JAKARTA (REUTERS) - Indonesia's economic growth edged up in the first quarter as improving momentum in its major trading partners and rising prices for some commodities underpinned exports, but some analysts say slow credit growth is hampering prospects for a strong GDP rebound.
Southeast Asia's largest economy grew 5.01 per cent in January-March on an annual basis, the statistics bureau said on Friday (May 5), matching a Reuters poll and up slightly from the 4.94 per cent pace in the previous quarter.
The resource-rich country struggled through years of slowing growth as a plunge in commodity prices hurt everything from exports to investment and households' purchasing power.
The recovery in prices of some of its main exports, such as palm oil and coal, helped economic growth pick up to 5.02 percent last year, from 4.79 percent in 2015.
In the first quarter, exports of goods and services rose more than 8 per cent, which the head of the statistics bureau Suhariyanto attributed to rising prices of commodities like tea and shrimp. Demand was also supported by slightly better economic growth in China, the United States and Singapore - Indonesia's major trading partners.
"This is promising and in line with growth in our export partners," Suhariyanto told a press briefing accompanying the data.
Still, even as growth edged above the fourth quarter, Capital Economics described first quarter performance as"another disappointing" outcome for Indonesia.
"Looking ahead, with commodity prices likely to stay relatively depressed and credit growth set to remain weak, we expect growth to remain stuck at around 5 per cent over the next couple of years," senior Asia economist Gareth Leather said in a note.
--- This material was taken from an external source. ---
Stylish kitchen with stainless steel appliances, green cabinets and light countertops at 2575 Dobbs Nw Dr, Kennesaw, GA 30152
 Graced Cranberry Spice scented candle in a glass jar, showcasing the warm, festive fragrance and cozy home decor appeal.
During the first three months of 2017, growth of private consumption, which accounts for more than half of Indonesia's gross domestic product, slowed slightly, while investment remained sluggish.
But the government, which helped drag growth when it cut spending in the second half of 2016, pulled more of its weight behind GDP growth in the first quarter.
Indonesia's finance minister Sri Mulyani Indrawati told Reuters last month there will be no more spending cuts this year as revenue-collection was on track to reach the government's target.
She said part of the spending will be redirected to more productive parts of the economy, including infrastructure, to help further boost growth.
Meanwhile, the mining sector swung back to contraction after starting to grow for a few quarters. Suhariyanto partly attributed the slump to a decline in production in major mining companies like PT Freeport Indonesia and Amman Mineral Nusa Tenggara, as well as lower oil and gas output.
Improving growth in other major sectors like agriculture and manufacturing complemented the mining contraction.
Capital Economics' Leather believes the central bank is unlikely to support the economy with more rate cuts this year, having cut six times last year.
Therefore, "the slowdown in credit growth is unlikely to reverse anytime soon," he said.